What is a relationship? And what constitutes a good relationship? There are infinite varieties of human connections, and yet in Three Little Words, Jenny Holiday gives her protagonists the onus and latitude to explore the depth and breadth of these two questions and how they pertain to the two of them.
Gia Gallo and Bennett Buchanan are bridesmaid and best man, respectively, in their best friends’ wedding. This is the only tie they have.
Their lives couldn’t be any different. Gia is a super model with no fixed home. She lives out of a suitcase in fabulous locations all around the world — her exceptional beauty translating into wealth. Bennett is a Southern transplant to NYC with deep roots in Charleston. He is a celebrated chef serving superbly crafted Cajun food in his restaurant to high-paying and non-paying clientele. She does not know what to do with her riches; he does not know how to pay for his dream of opening a charitable restaurant. You would think that this would be the meet cute of their relationship. But nothing by Holiday is as obvious as that.
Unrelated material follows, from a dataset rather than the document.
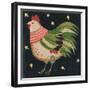 Rooster with Stars in Background Bordered-Beverly Johnston-Framed Giclee Print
Both of their childhoods were marked by the depredations against their psyche by their cold, strong-willed, domineering mothers.
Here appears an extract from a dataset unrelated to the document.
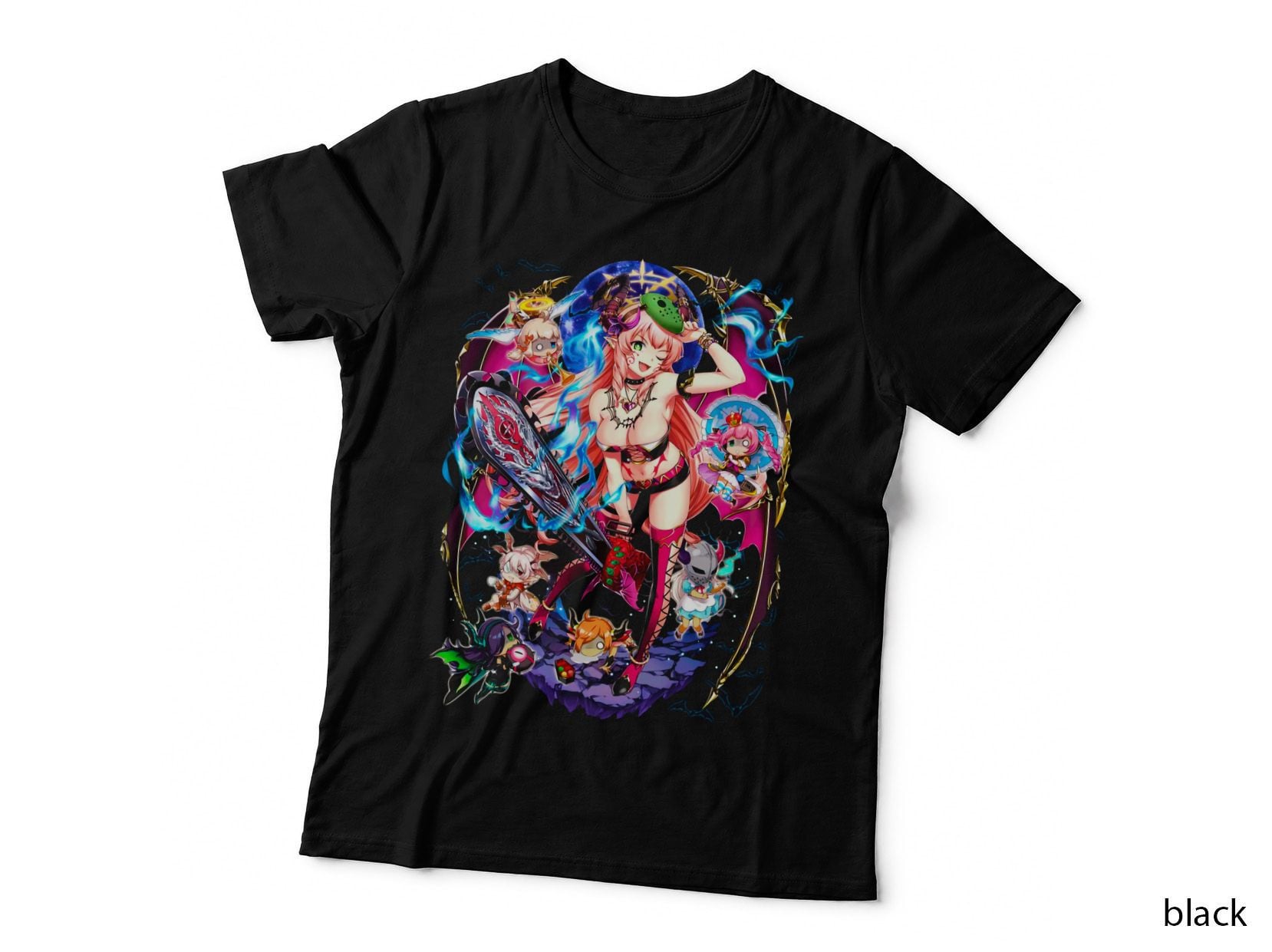 Red Hair Queen Red-Haired Girl Blue Effects Magical Ornaments T-Shirt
Gia has been made to feel unloved and incapable of love with her only value her beauty. But to him, her beauty is incidental to who she is. What is truly important to him is her “Gia Effect” as he calls it — how she makes the world a better place for those around her by sensing what they need and providing it to them. He shows her how her casual sexual hookups are not the only association she can have with a man. She wants to always be the one to leave before someone throws her over. She feels men are drawn to her beauty and shallow meaningless links are all she will have with them. He shows her how much more meaningful an emotional connection in a long-term relationship is for the heart and soul. With him, she feels seen and appreciated for who she is deep down, not her surface shell. He gives her back to herself – whereas, she was looking outward to her value, he has her look inward to seek her true value.
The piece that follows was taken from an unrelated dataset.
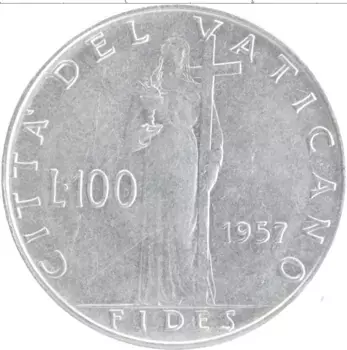 Монета 100 лир Ватикана 1957 года Медно-никель Пий XII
Bennett was thrown out of the house in his late teens for his drug habit. He only survived to have the chance at a life of beauty and achievement because of the kindness of a Charleston chef, who plucked him off the streets and through tough love gave him the discipline and training to develop his talent with food. He goes on to NYC to seek fame and fortune, but his Southern origins are deeply embedded in his heart. She shows him how it is possible to have Charleston back in his life and how to deal with the estrangement with his family, which has been silently tearing him apart.
The three friends Gia made in college have been the bulwark against the stark back-biting world of her profession. Similarly, Bennett’s best friend is his anchor in the competitive world of NYC restaurant business. But with each other, Gia and Bennett find something more precious than what they have with their friends — that is an understanding and an acceptance that is bone-deep and constant.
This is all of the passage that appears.